About two years ago Brian and I traveled to London for a week. We toured museums, gazed at some awesome art, strolled though the city, saw lots of fantastic architecture, and indulged in many fantastic food items. We ate a variety of different ethnic foods within the first couple of days when I noticed that we are in London and have not had any traditional British food. So I asked the front dest at our hotel - Where do I find a good British meal? They responded with an answer that was so obvious I felt a little dumb - At any pub you will find a great traditional British meal! So I started surveying the menus of all the pubs we came across. The menus were all pretty much the same. That was until we were walking though Notting Hill and stumbled upon a pretty large, yet quaint pub. We looked over the menu and get this…there was even vegetarian options! We sat down, had ourselves a pint each and dinned on some wonderful British food. The waitress told us that they had a great StickyToffee Pudding for dessert. You did not need to tell me twice about that. We ordered it to split, and when it came it was warm and wonderful. We scooped away at this moist and delicious toffee pudding. I don’t think we even really said anything to one another, just grinned and mumered - MMMMMMMM! But this dessert was not really a pudding.
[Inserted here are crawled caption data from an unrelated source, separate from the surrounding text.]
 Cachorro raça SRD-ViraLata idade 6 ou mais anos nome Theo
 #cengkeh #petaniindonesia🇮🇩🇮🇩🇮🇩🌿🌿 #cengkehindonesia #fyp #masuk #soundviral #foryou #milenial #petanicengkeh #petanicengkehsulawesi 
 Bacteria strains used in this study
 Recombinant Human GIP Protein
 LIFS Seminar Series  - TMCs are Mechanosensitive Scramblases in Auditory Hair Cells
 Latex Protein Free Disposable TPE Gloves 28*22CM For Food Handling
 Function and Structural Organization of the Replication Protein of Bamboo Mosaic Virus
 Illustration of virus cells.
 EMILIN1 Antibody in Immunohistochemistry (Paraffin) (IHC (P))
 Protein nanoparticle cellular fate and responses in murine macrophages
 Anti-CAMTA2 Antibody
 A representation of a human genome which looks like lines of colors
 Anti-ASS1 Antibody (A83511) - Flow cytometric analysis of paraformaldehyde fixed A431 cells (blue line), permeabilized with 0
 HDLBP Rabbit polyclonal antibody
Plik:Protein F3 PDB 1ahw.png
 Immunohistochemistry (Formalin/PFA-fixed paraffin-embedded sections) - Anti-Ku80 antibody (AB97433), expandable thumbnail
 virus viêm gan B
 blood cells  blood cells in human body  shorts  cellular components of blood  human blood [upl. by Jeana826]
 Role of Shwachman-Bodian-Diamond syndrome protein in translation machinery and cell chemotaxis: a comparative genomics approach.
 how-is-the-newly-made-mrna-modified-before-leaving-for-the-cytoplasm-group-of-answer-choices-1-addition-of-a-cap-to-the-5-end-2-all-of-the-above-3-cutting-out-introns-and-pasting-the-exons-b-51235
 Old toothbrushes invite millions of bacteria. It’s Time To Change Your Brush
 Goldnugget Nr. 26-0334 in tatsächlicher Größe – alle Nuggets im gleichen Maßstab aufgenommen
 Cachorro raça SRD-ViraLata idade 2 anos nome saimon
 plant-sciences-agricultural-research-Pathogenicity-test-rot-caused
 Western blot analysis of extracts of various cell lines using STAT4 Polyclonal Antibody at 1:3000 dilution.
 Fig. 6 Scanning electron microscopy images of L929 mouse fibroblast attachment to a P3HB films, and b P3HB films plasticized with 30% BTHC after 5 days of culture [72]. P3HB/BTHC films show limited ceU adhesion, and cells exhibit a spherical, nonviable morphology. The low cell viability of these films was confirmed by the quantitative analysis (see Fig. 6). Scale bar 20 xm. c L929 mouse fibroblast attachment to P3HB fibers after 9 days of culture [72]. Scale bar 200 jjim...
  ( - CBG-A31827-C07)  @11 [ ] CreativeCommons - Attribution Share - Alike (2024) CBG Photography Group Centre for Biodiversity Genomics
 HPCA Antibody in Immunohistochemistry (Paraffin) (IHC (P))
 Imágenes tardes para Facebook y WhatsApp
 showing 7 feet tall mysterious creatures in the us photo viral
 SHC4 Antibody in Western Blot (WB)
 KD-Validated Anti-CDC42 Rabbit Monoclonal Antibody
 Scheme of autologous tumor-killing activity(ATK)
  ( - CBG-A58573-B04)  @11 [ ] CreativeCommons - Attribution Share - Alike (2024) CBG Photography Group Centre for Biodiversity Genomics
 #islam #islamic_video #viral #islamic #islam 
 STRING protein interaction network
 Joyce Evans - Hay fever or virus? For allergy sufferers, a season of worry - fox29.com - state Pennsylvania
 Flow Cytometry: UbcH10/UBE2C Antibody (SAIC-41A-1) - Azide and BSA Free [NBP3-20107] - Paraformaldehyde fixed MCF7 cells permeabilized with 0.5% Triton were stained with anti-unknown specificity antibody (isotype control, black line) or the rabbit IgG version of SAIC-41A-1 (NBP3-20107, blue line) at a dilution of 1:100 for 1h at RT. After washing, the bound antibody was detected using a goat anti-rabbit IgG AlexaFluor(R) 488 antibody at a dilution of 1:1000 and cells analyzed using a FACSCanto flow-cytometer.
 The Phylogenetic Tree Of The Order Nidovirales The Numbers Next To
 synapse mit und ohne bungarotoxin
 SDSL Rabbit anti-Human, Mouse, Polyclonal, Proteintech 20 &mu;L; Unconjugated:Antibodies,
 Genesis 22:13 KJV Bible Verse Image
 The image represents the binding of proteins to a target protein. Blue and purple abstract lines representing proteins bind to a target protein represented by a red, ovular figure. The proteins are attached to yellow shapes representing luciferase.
It was more like a cake that was baked into a ramekin that had a toffee sauce poured over top of it that was absorbed by the cake. Cake or pudding, either way, it was great.

Sticky Toffee Date Cake - Ready to serve!

Two years later I am still thinking about that dessert so much so that I am writing about it now. I needed to make it to see if I could get anything close to it in flavor and texture. I researched recipes and finally came up with something that I thought might just work. I made it and surprised Brian when he came home from work. He was just as thrilled as I was and after eating it (and going back for seconds) we both agreed that it might possibly be better than the one we had in London. I needed a second opinion. Brian wrapped up a few of the others and brought them into some of his coworkers to enjoy. They all thanked us and exclaimed it was terrific! Maybe this recipe I worked on was perfect?!? So this past week when my cousin Judy’s husband was here on business I made it again. I figured it was a perfect dessert for him since he previously lived in London for awhile. If anyone, he would give me an honest opinion. As he ate it he exclaimed that he loved it. He even told me it was better than the ones he tried while living or traveling in England. I was so pleased. I just might have the perfect recipe on my hands!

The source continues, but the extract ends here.